Facebook Twitter Linked-in

BİRİNCİSİ BEĞENİ ALAN SERGİNİN İKİNCİSİ AÇILDI

Muşlu sanatçıların fotoğraflarının da yer aldığı ‘Doğu ve Batı Sentezi: Kadın ve Emek’ adlı fotoğraf sergisi ikinci defa sanatseverlerle buluştu.

 

Geçtiğimiz Mart ayında küratörlüğünü Muşlu hemşerimiz Filiz Özgen Özdemir Şimşek’in yaptığı ve Muşlu fotoğraf sanatçılarının da eserlerinin yer aldığı ‘Doğu ve Batı Sentezi: Kadın ve Emek’ adlı fotoğraf sergisi Ankara Sanayi Odası’nda düzenlenmişti. Büyük beğeni toplayan serginin ikincisi bu defa Ankara Büyükşehir Belediyesi Kent Konseyinde açıldı. 12 Mayıs tarihine kadar açık olacak olan serginin küratörlüğünü ilk sergide olduğu gibi yine Muşlu hemşerimiz Filiz Özgen Özdemir Şimşek yapıyor. Sergide ayrıca Muşlu 3 fotoğraf sanatçısının fotoğrafları da yer alıyor.

Muş Telli Turna Doğa Derneği ve Ankara Kent Konseyi Engelli Meclisi işbirliğiyle Ankara Büyükşehir Belediyesi Kent Konseyinde açılan serginin açılışına Ankara Kent Konseyi Başkanı Halil İbrahim Yılmaz, Ankara İl Kültür Müdür Ali Ayvazoğlu, Ankara Kent Konseyi Engelli Meclisi Başkanı Ersan Petekkaya, davetliler ve çok sayıda sanatsever katıldı.

Doğu’daki kadının yaşamını Batı’ya, Batı’daki kadının yaşamını ise Doğu’ya anlatmak amacıyla açılan sergide Türkiye’nin çeşitli illerinden 19 fotoğraf sanatçısının toplam 32 eseri yer alıyor. Sergide Muşlu fotoğraf sanatçıları Mehmet Can Alkaş, Rıdvan Çelik ve Muzaffer Göç’ünde fotoğrafları sanatseverlerin beğenisine sunuldu.

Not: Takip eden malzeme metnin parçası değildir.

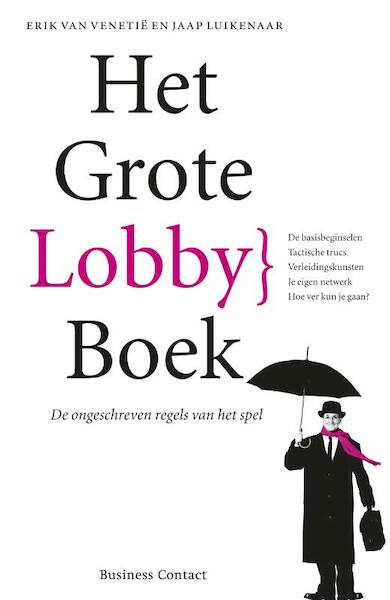 Het grote Lobbyboek - Erik van Venetië, Jaap Luikenaar (ISBN 9789047002802)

“İLK SERGİMİZ BÜYÜK BEĞENİ TOPLADI”

Düzenledikleri ilk serginin yoğun ilgi görmesinden dolayı serginin ikincisini de açarak sanatseverlerin beğenisine sunduklarını dile getiren sergisinin küratörü Muşlu hemşerimiz Filiz Özgen Özdemir Şimşek, sergi ile ilgili olarak şu açıklamayı yaptı: “İlk düzenlediğimiz sergimiz büyük beğeni aldı. Bu nedenle sergimizi ikinci defa fotoğraf severlerin beğenisine sunmak istedik. İlk sergimizin sona ermesinin ardından aldığımız olumlu dönüşler bize aynı konsepte ikinci bir sergi açma ihtiyacı doğurdu. Bizde hemen harekete geçerek ikinci sergimiz için çalışmalara başladık. Bu konuda bizlere destek olan başta fotoğraf sanatçılarımıza olmak üzere Muş Telli Turna Doğa Derneği ve Ankara Kent Konseyi Engelli Meclisine teşekkür ediyorum. Açılışını yaptığımız ikinci sergimizde ilk sergimizden farklı olarak sadece fotoğraflara yer verdik. İlk sergimizde fotoğraf haricinde ayrıca bir birinden değerli sanatçılarımızın resimler yer almıştı. Bu sergimizde ise sadece fotoğraf yer alıyor. Bu sergimizde de bir önceki sergimizde olduğu gibi tarihsel ve sosyal açıdan unutulmaya yüz tutmuş unsurları hatırlatmaya çalışıyoruz. Sergimizde Doğu’daki ve Batı’daki emekçi kadınların birbirlerinin yaşamlarını görmelerini amaçlıyoruz. Emekçi kadınlar mutlular mı mutsuzlar mı bunu görmek istiyoruz. Mesela kimi fotoğraflara yansıyan mutsuz kadın imajı, kadının mecbur olduğu için çalıştığını gösteriyor. Yok olmaya yüz tutmuş unsurların sergilerini yapmaya çalışıyoruz. Tarihsel ve sosyal açıdan kadın emeği unutuluyor bazen. Çalışmalarımızın tamamı bununla ilgili. İkinci sergimizde Türkiye’nin çeşitli illerinde 19 fotoğraf sanatçısının toplam 32 eseri yer alıyor.” Dedi.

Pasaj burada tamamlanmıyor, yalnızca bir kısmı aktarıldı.